Based on your code snippet it seems self.weights is an int and will not be trained, so I’m unsure how the masking is performed as it seems you are scaling the activation instead.
If you would like to train the self.weights parameter, create it as an nn.Parameter and pass it to the optimizer.
The problem is that if I train the model setting new_mask = torch.zeros(1, 69) the loss is actually decreasing. Instead should not as all the features are zeroed, correct me if I am wrong.

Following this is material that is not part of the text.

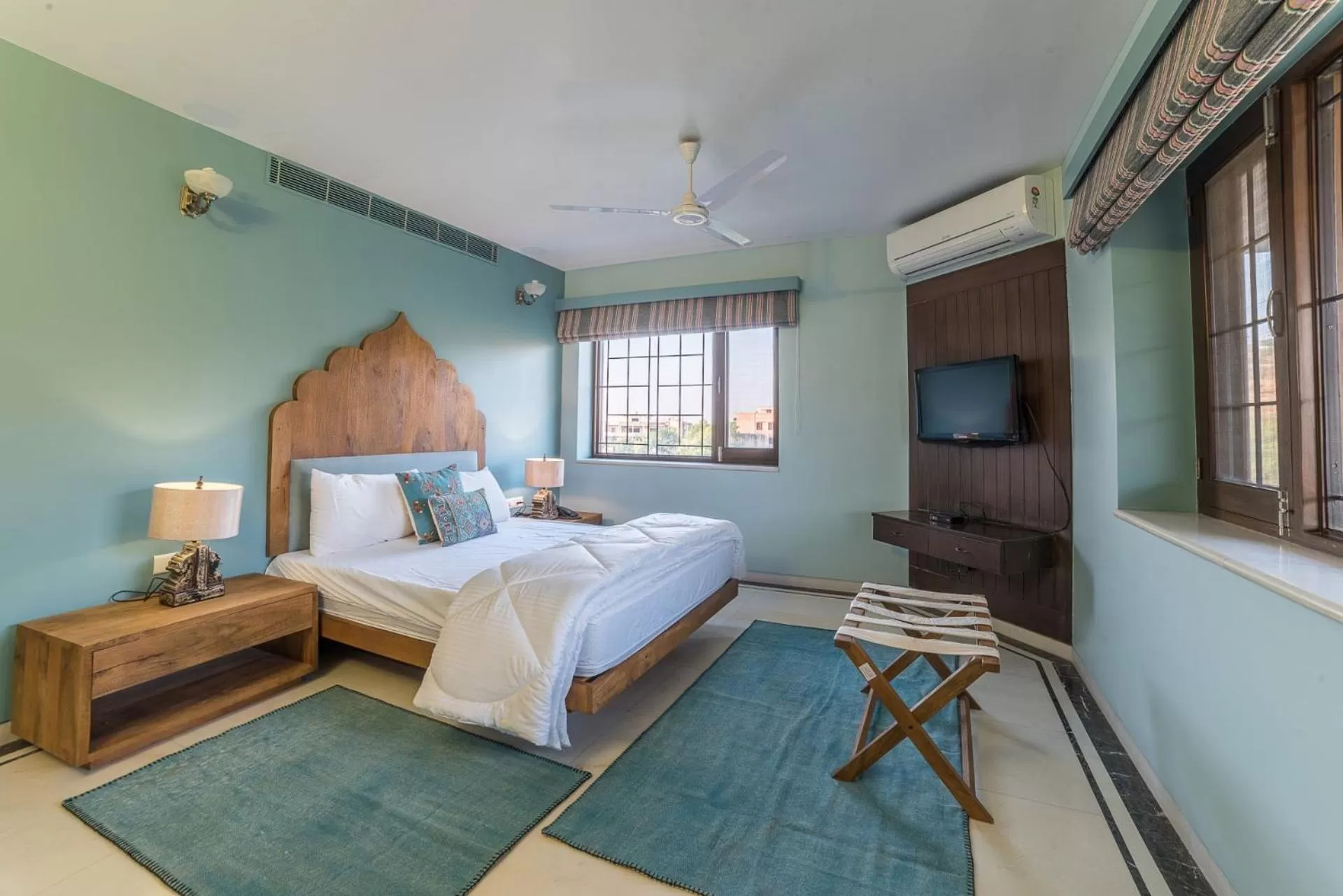 Photo of the whole room, Bed in The Almond Tree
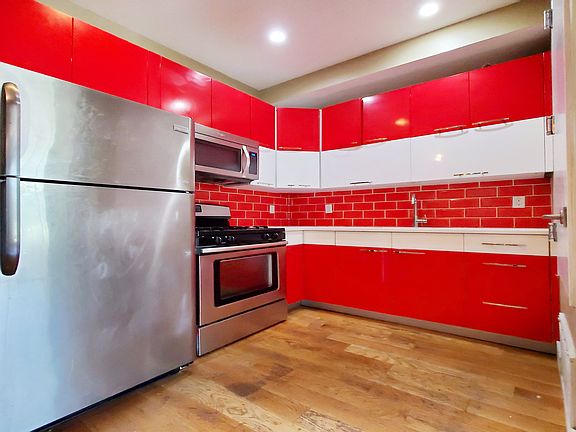 4th image of 277 Halsey St APT 2F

I just took new_mask outside to change it at convenience the original code was:
class DropFeatures(nn.Module):
def __init__(self, input_dim, *kargs, **kwargs):
super(DropFeatures, self).__init__()
self.weights = torch.zeros(1, input_dim)
def forward(self, x):
return (x * self.weights)
class drop_logit(nn.Module):
def __init__(self, input_dim, output_dim):
super(drop_logit, self).__init__()
self.drop = DropFeatures(input_dim)
self.fc1 = nn.Linear(input_dim, 1)
self.fc2 = nn.Sigmoid()
def forward(self, x):
x = self.drop(x)
x = self.fc1(x)
x = self.fc2(x)
return x
model = drop_logit(input_dim = 69, output_dim = 1)
I do not see why you are telling me that self.weights is an int when if I print it is a tensor. Of course in this example all features are zeroed so I expect the loss to not decrease.